Visions of happily ever after quickly danced out of our lives. The hole in my heart grew larger as I realized that all was not resolved. The calling that I thought would make me complete only forged new cracks in my fragile self image. The damage done by life in the shadow of the secret was not erased by the revelation.
Robert was a man sized boy from whom the foster care system demanded too little and we expected even less. I was a man working through the pain of a boy from whom the world demanded so much and I had learned to expect so little. Eboney was a little girl thrust into the role of a young woman from whom we demanded so little and expected too much. As the fantasy began to unravel my wife and I struggled to remain firm in our commitment. The introduction of children into our lives sent everything spinning wildly. The precious time together that we had cherished became scarce. The needs of the family began to supersede the needs of the individuals.
Resentments grew as we all lost something that we had hoped to gain through our becoming family.
From Robert we learned that he could be ignored, when the tension rose he simply retreated into his shell until it passed. Eboney on the other demanded attention. She appeared only to respond to confrontation. She pushed and prodded until we were forced to corral her. She’d step out of bounds until we would rein her in. We lived our life in cycles, there was quiet and all was well, then we would discover some transgression that demanded a response. On mother’s day of 1993 my wife was informed by Eboney that she was pregnant. My Wife was three months pregnant with our second birth child Geneva. Geneva was born in October of 1993. Our granddaughter, Charisma was born in November of 1993.
There was great rage in my house. In retrospect, the pregnancy was an important moment in the life of our family. It forced us to address the status of Eboney in our house and lives. We moved off the emotional fence and got her fully involved in our lives. Many feelings have been expressed and repressed during our first five years together. The lessons have not all been pleasant nor easily learned.
Adoption for me has become a very personal crusade. I’ve learned that family life in all it’s imperfections is work and best lived in the light of reality. I have forged a new family and expanded on the old. Finally, the pieces of my shattered origins are suitable for reconstruction.

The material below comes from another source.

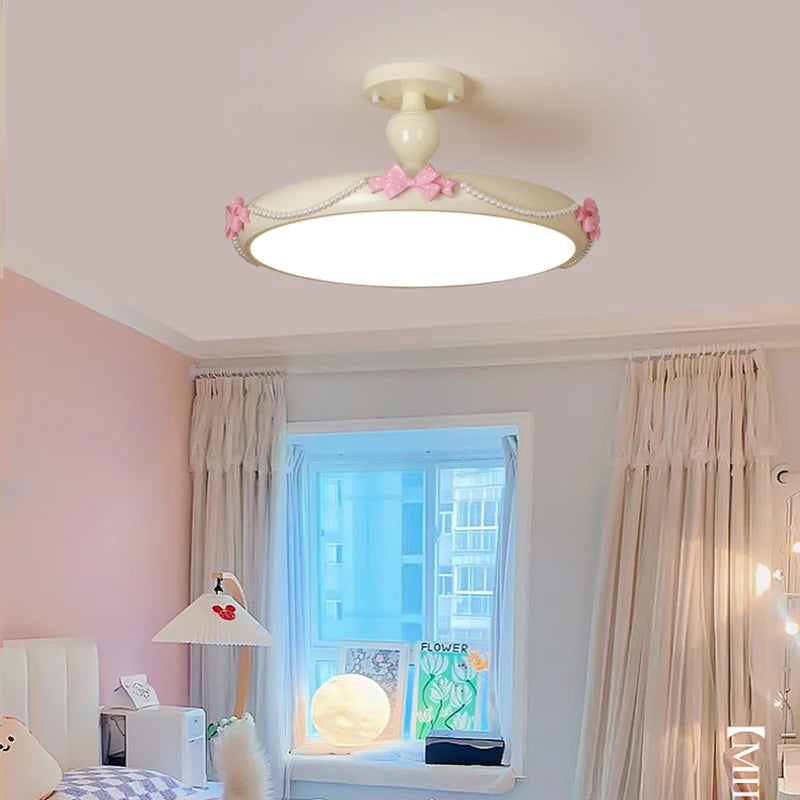 plafonnier romantique pour chambre de princesse en perles - vue 3 sur 12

In January of 1958, I lost my family and gained another. In the years that would follow I searched without knowing what I had lost. In March of 1991, I discovered what I’d lost and the tools for healing were within my reach. In January of 1996, I’ve lost another piece of my life, but gained new insight in death to the meaning and value of life. A brave woman dared to give herself to children that might otherwise have suffered the horrors of total abandonment. Her motives where simple. Her commitment sure and steady. The results, one son is dead after years of denial and self abuse. The other has grown to manhood and continues his search for self fulfillment. In the final analysis I remain a work in progress. As is true of all matters of the heart time teaches those strong enough to learn.

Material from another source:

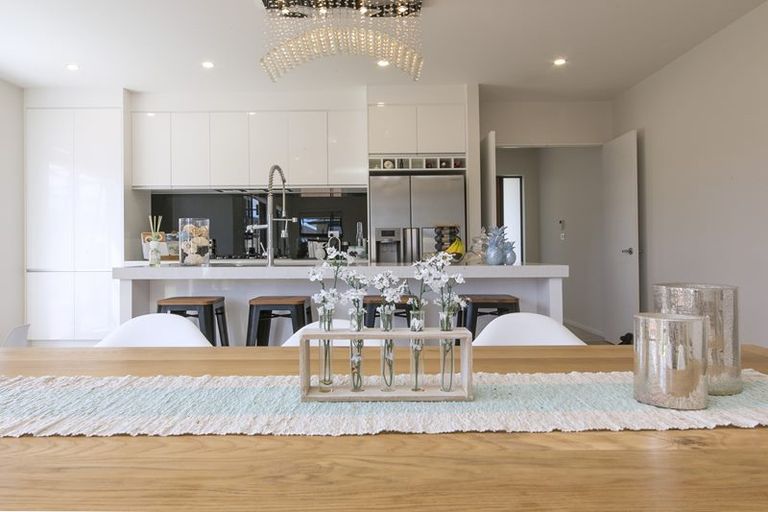 Photo of property in 14 Turpin Road, Riverhead, 0820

The power of adoption is the willingness to commit oneself to another. Not to an ideal, for that is short lived. Not to a loved one because a love is built over time. The children that we choose to bring into our lives are strangers that over time we will grow to love. The power of adoption is that willingness to claim all that comprises the many facets of a human being. Whether the child is 3 days or ten years old is irrelevant. The true power of adoption is not in the outcome but in your willingness to commit to the process.

11.18.2002

Like a blinding light... 3130201

One of the complex gifts that I am offered regularly as an advocate in older child adoption is a front row view of the delicate balance between what I espouse professionally, what I live with daily and the images and lessons learned in my own childhood. I work in New York City and I live in Pittsburgh, Pennsylvania. Like many parents who spend significant time away from loved ones I like to think that the time I spend at home I make good use of. As a result of having to spend significant time away from my family I have learned to notice the subtle and not so subtle changes that creep into our family life. These changes are not always profound however occasionally I am stopped dead in my tracks.

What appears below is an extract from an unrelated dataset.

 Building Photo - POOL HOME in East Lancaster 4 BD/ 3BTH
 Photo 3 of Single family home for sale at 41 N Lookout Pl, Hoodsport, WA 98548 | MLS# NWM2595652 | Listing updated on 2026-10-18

This night started out like any other. We were finishing up our meal and settling in for the evening. Recently, Karin and I had decided that the children are old enough to have a few simple chores assigned to them. Geneva our daughter is eight years old and growing more beautiful and grown up everyday. Brandon is ten years old and stretching steadily skyward, maturing instantly before our very eyes. Geneva’s dinner chore is to set the table. She has taken to this task with the grace and elegance of her mother.
Brandon’s chore is to clear the table after dinner. He accomplishes his task with the grace and elegance of a waiter with tickets to Cats; a waiter who has already missed the opening curtain.
In any event, the kids agreed that these were reasonable chores and they really hadn’t given us a great deal of grief about them.
Brandon was clearing the dishes from the table. I rather innocently suggested that he rinse the dishes and place them into the dishwasher. This was definitely not a part of the original agreement and Brandon pointed that fact out to me. Shocked, I stated in no uncertain terms that as his father I didn’t need his agreement. My thinking was so what’s another ten minutes or so at the sink. Brandon would not be moved. With the calm demeanor of a practiced attorney he simply refused the additional chore and made his case plainly. “ No Dad, that was not what I agreed to do...” he stated. “ you said, I would clear the table. You didn’t mention anything about rinsing the plates and loading the dishwasher. ”
As I stood face to face with the emergence of my self-actualizing child I was floored by the sheer brilliance of his free will. My initial instinct and inclination was to reach out and punish this impudent child with the rage that my shameful childhood experience had taught me. If I allow my grip to be loosened now how would I get him back into the box? Things would never be the same again! Reflex cried out for me to strike down this assault upon my authority with a fury that I was strangely no longer committed to.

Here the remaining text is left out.